Connecting Power BI Desktop to Fabric

Open Power BI Desktop
Get Data → Microsoft Fabric → Lakehouse or Warehouse
Sign in with your organizational account
Select workspace → select Lakehouse/Warehouse
Choose tables → Load
Connection mode is automatically Direct Lake (if using Fabric)
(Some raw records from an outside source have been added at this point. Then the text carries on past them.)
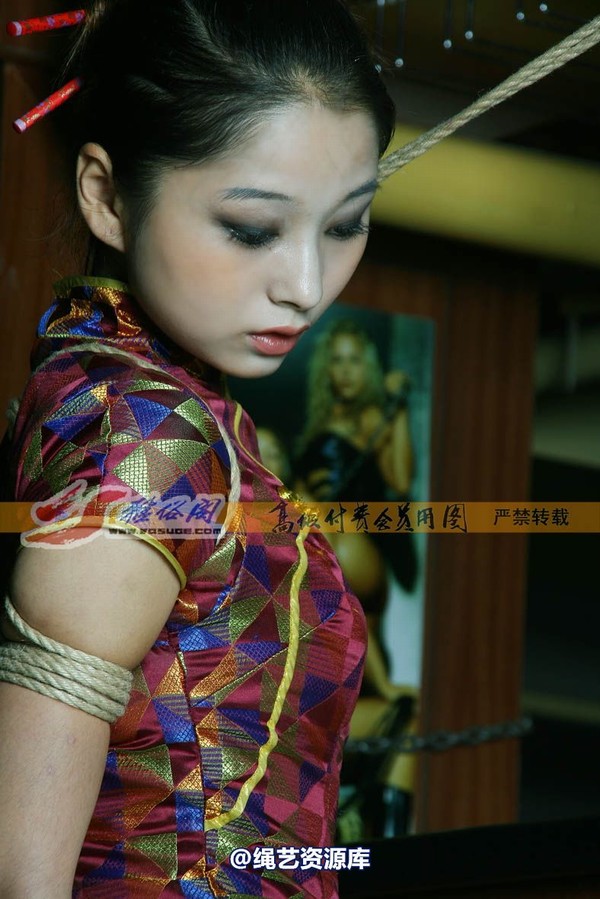 雅俗阁 - 20070418雅思 第 14 张图片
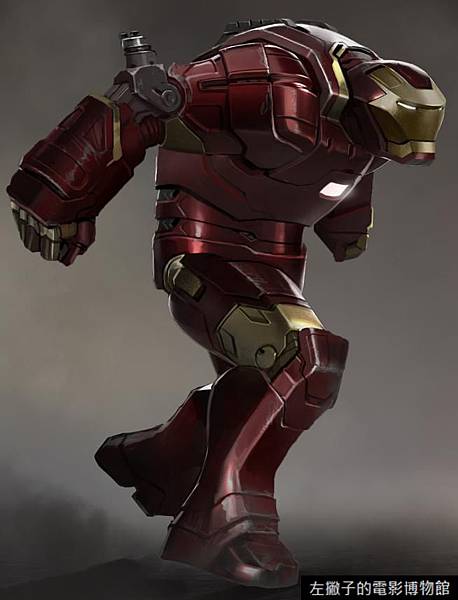 ironmanconcept239313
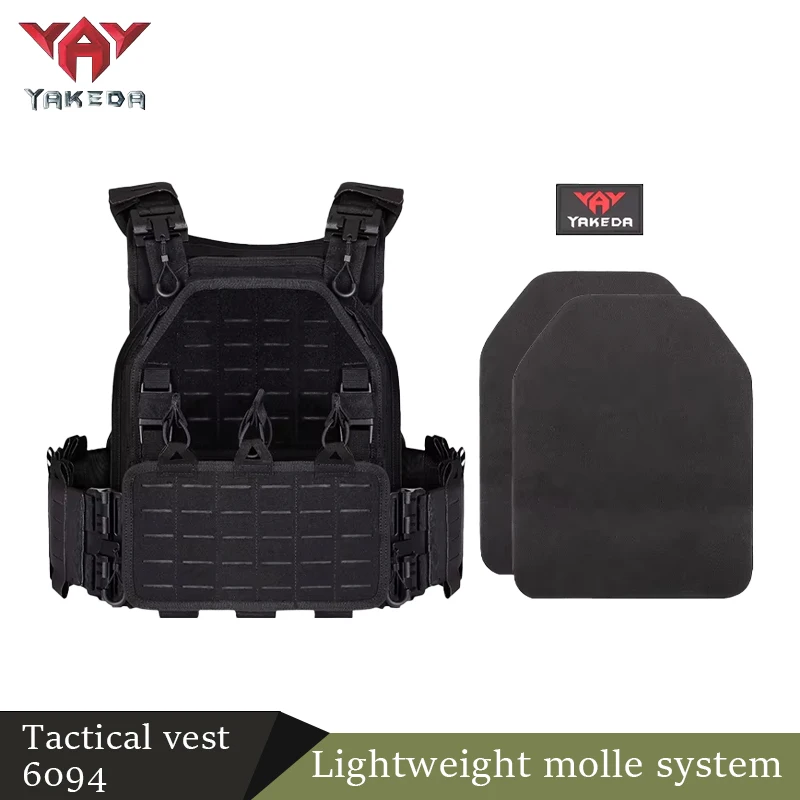 yakeda-nouveau-gilet-de-combat-6094-d-gagement-rapide-l-ger-coupe-laser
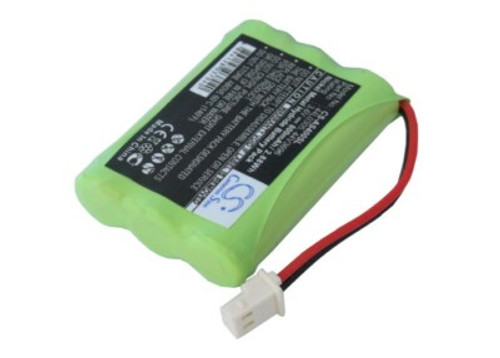 IBM 84G0562 NiMH Battery for Laptops, high capacity, reliable power, ideal for portable computing needs.
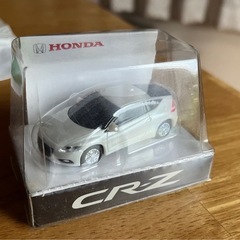 ＬＥＤライト、キーホルダーの画像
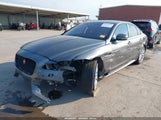 Jaguar Xf 35T R-Sport SAJBL4BV2HCY29230 снимка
Default Semantic Model vs Custom

Every Lakehouse and Warehouse auto-generates a default semantic model. Here is when to use it vs building your own:

Feature	Auto-Generated (Default)	Custom (You Build)
Created	Automatically with Lakehouse/Warehouse	Manually by you
Tables included	All tables in the item	Only tables you select
Relationships	Auto-detected (may be wrong)	You define (always correct)
Measures (DAX)	None	Custom measures you create
RLS	Not configured	You configure
Endorsement	None	Can be Certified or Promoted
Best for	Quick exploration, prototyping	Production reports

Recommendation: Disable the auto-generated default semantic model on Bronze and Silver lakehouses — analysts should not build reports on raw data. To disable: open the Lakehouse → Settings → Default semantic model → toggle Off. Create custom semantic models only on Gold layer items with proper star schema relationships, DAX measures, and RLS configured.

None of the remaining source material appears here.